Enhancement in Rate of Advance Tax on Electricity bills The withholding tax rate for commercial and domestic consumers of electricity should be enhanced. The exemption limit of Rs 75,000 monthly bill for domestic consumers should be reduced to Rs 25,000. In the case of commercial consumers the exemption limit at Rs 400 per month is too low and may be raised to Rs 1,500.
Beyond this the rate should be raised progressively from 5% to 15%.This measure is expected to raise an additional Rs 15 billion. It should be converted from a fixed tax to an advance tax.
However, a narrative acquiring wider traction that the majority of industrial and commercial electricity connections are not income tax filers is helping create the perception that a huge revenue potential exists by focusing attention on these enterprises. Contrary to this general observation, these seemingly “untaxed/poorly taxed resource” are already paying a large amount as taxes under different heads-withholding, GST, etc. And these are not being adjusted against any tax return filed by them, suggesting that the expectation of income tax additionality through better enforcement, by requiring them to file their tax returns regularly, is somewhat, if not highly, exaggerated.
Improved Administrative Measures The feasibility of detection of tax evasion has greatly increased with the enactment of the Benami law (which will make Benami transactions illegal). In addition, there is now the information being provided by a host of other tax jurisdictions on assets held and incomes earned from different investments by Pakistani residents.
Further, the biometric identification of holders of bank accounts and information sought by banks on sources of income, the general requirement for disclosure of CNICs of the buyers of motor vehicles and real estate, those acquiring financial instruments, etc/ (which can be made mandatory if all transactions are not fully covered), the easy availability of the state-of-the-art technology and good quality IT services, supported by the sharing of data bases by provincial governments on service providers in their GST net, on owners of property, motor vehicles, etc. the FBR is now well placed to, going forward, triangulate the information contained in these huge data sets by harnessing adequate IT systems. In fact, these developments are facilitating the gradual elimination of the legal category of ‘non-filers’, leaving the FBR to focus on tracking down tax evaders instead of finding an easy way of collecting taxes, a route adopted to date.
In our opinion, through some capacity building of the FBR and the intelligent and effective and efficient mining of available data sets should readily enable generation of an additional Rs 50 billion in 2019/20 through administrative measures.
The total additional revenue generated from the above proposals in income tax is Rs 260 billion on the projected tax bases in 2019-20. This includes the revenue from the restoration of the presumptive income tax on mobile phone cards and telephones of an additional Rs 60 billion.

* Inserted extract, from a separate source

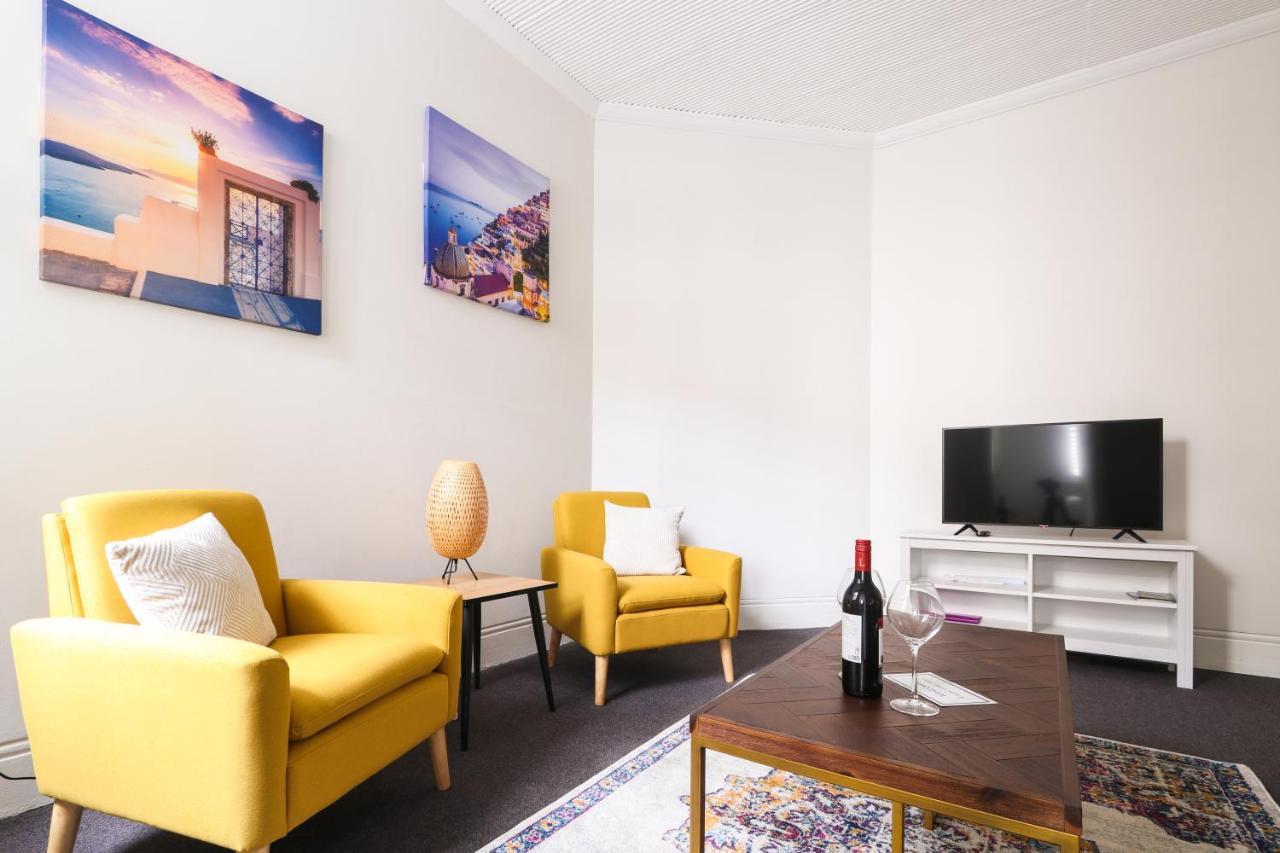 Discover The Rocks - Historical Terrace House Sydney Esterno foto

Incentives In our opinion some incentives should also be built into the system to ease the cost of doing business, promote and nurture female enrollment in the labor force, and encourage entry into the tax net to support the objective of base broadening, as described below:
a) Lowering of the tax rate for female professionals, up to an annual income of Rs 2,400,000.
b) Exempting all new filers from the Tax Audit for three years.
c) Exemption from Tax audit of those showing a 20% growth in their taxable income from the previous year, while making sure that the tax filer is not ‘closing down its existing business for tax purposes’ while making an entry as a new taxpayer and has filed a return every year over the last three years.
SALES TAX Sales tax is the largest tax in Pakistan today. The revenue from this tax on goods and services combined was Rs 1715 billion in 2017-18, equivalent to 5 percent of the GDP. The tax has shown an annual growth rate of 14 percent between 2012-13 and 2017-18. It has the features generally of a value added tax. However, the tax base is distributed between the Federal and the Provincial governments. The latter collect the tax on services and the former on goods.
The splitting of the tax base has created a number of problems. First, tax payers have to file separate returns for goods and for services respectively. Second, the rates vary. The tax on services is levied at the rate of 13 percent in Sindh, in Punjab at 16 percent and at the Federal level at 17 percent. Consequently, the features of value-added taxation are distorted. Third, there is a serious problem of refunds between levels of Government and among Provincial Governments.
Integrated National GST/VAT Therefore, a major reform of the tax system of Pakistan will involve a transition to a nationally integrated value-added tax system. This will include the same return for goods or for services and thereby enhance the ease of doing business. A common standard rate for goods and services of 17 percent initially will be applied. The various tax agencies will set up a clearing house for refunds
The distortionary effects of the tax currently will be greatly reduced. Evasion will be more easily detected. Overall, following implementation in 2019-20, the revenue yield from the sales tax on goods could rise by over Rs 30 billion, due particularly to more detection of evasion, and in the case of the sales tax on services by Rs 30 billion, due also to the enhancement in rate.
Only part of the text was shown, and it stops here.